◆ About this exercise
Send back the data below exactly. Drop every picture.

◆ Information shown

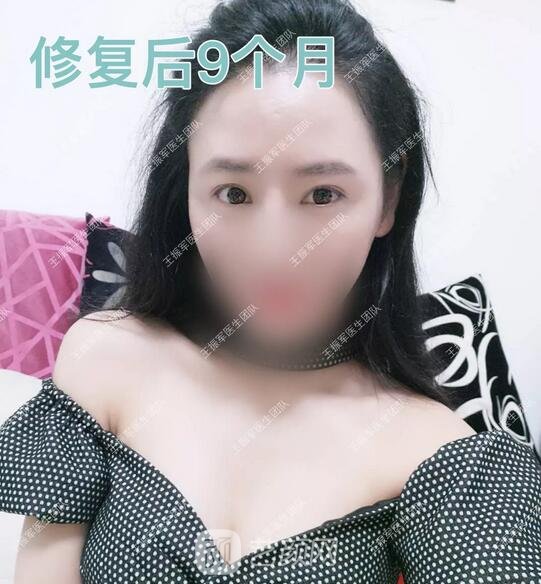 術(shù)后9個(gè)月果圖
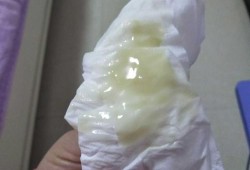 备孕期白带少（备孕期白带少）
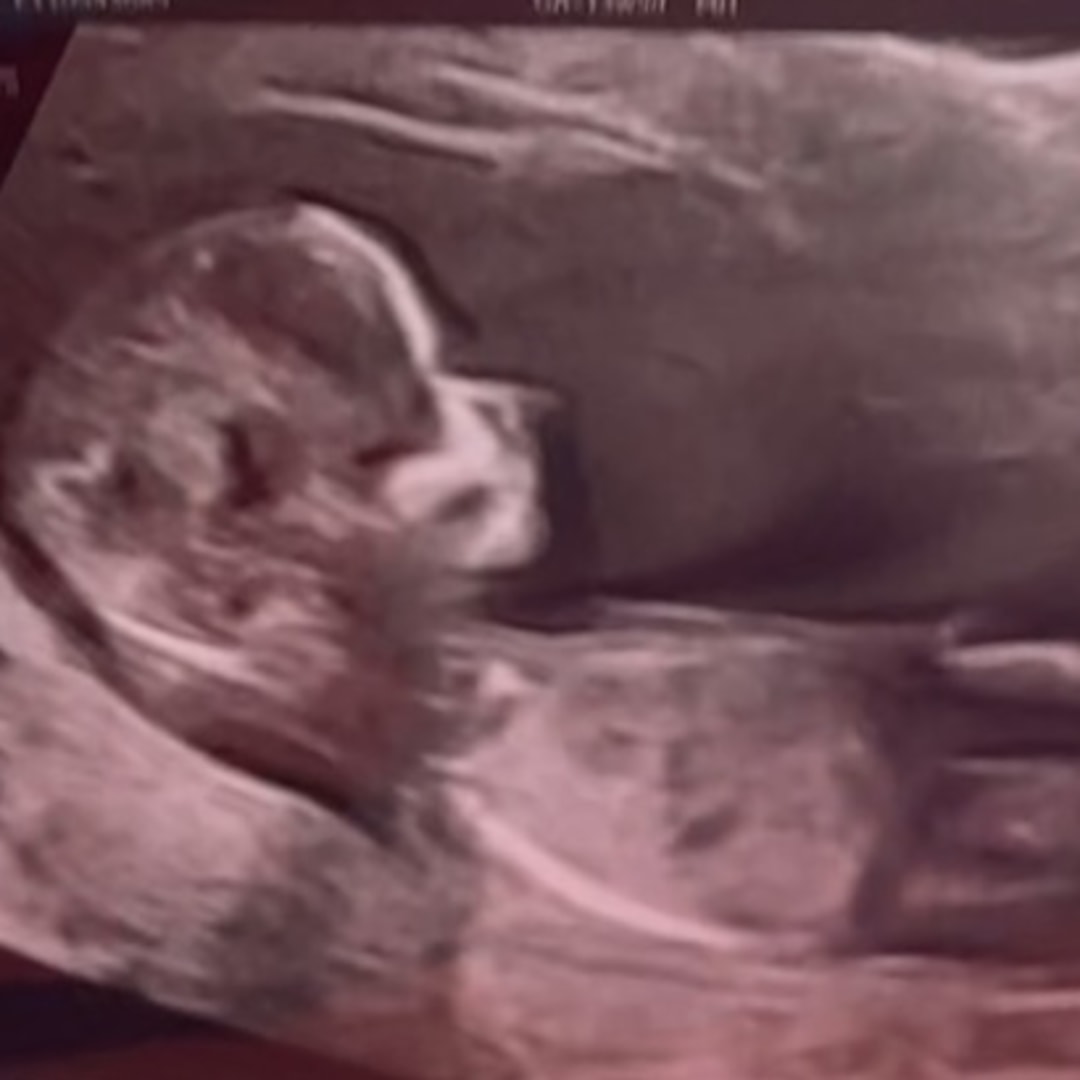 Photo shared by Franishka for their Babylist baby registry.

◆ Your solution
 術(shù)后9個(gè)月果圖
 备孕期白带少（备孕期白带少）
 Photo shared by Franishka for their Babylist baby registry.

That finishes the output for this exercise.